I knew enough about my grandparents’ story and the war to surmise that the paths that led them across the world to a new life would not have been easy...although I knew very little of the specifics of that journey. My grandparents both died in the 1980s, and the sad reality is that much of their story died with them. Like many of their generation, they had little time to reflect or grieve even once the war ended. Their focus was on the future, and the physical, emotional and psychological wounds of war were soon trapped beneath the surface of the new life they were forging. The lessons they learned along the way were often lost to time.

I started reading about life for Polish citizens under the Nazi occupation, initially just trying to imagine what my grandparents might have seen and experienced.

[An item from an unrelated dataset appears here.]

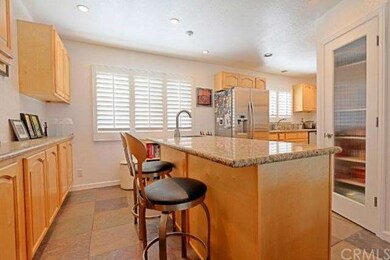 Kitchen island/breakfast bar for casual dining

But as I read about World War II, I was inspired by so many stories of love and survival, even in the face of unimaginable oppression and cruelty. Tomasz’s, Alina’s and Saul’s story became clear in my mind as I marveled at the way that not even the worst of humanity is powerful enough to stamp out grace or hope or love. I decided that to write this book, I’d need to visit Poland to deepen my research, and while I was there, I’d try to discover some pieces from my own family history.

In 2017, my wonderful aunt Lola and I traveled to Poland and spent several weeks exploring and researching. During those weeks, I discovered that inverse to the story I’d long planned for Alina and her brothers, my own grandmother had been taken for forced labor, while her brother was chosen to remain to work the family farm. And just as I’d planned for Alice, I stood on the patch of land that my grandmother’s family had farmed for generations before the war, and I peered through the dusty window of the house that had been my grandmother’s whole world before Nazi hatred changed her life forever. My aunt and I walked the streets of Trzebinia, where my grandfather was born (image 2), and ate with distant cousins (image 1).

When the time came to use my research to finally write the story, I took my own experiences in Poland and funneled them into this work of fiction. For me, the best fiction always contains threads of the personal. I used my grandmother’s family farm as inspiration for Alina’s (images 3 and 4). That real-life property is located some distance to the northeast of Trzebinia. I have taken liberties with the location and imagined it much closer to the township, because I so wanted to tell the story of that town. It suffered almost every brutal injustice imaginable during wartime—heavy bombing raids, horrific persecution, the eventual genocide of the local Jewish community, oppression of the Catholic community and executions of civic leaders. Real-life Trzebinia is located just nineteen kilometers from the site of Auschwitz-Birkenau.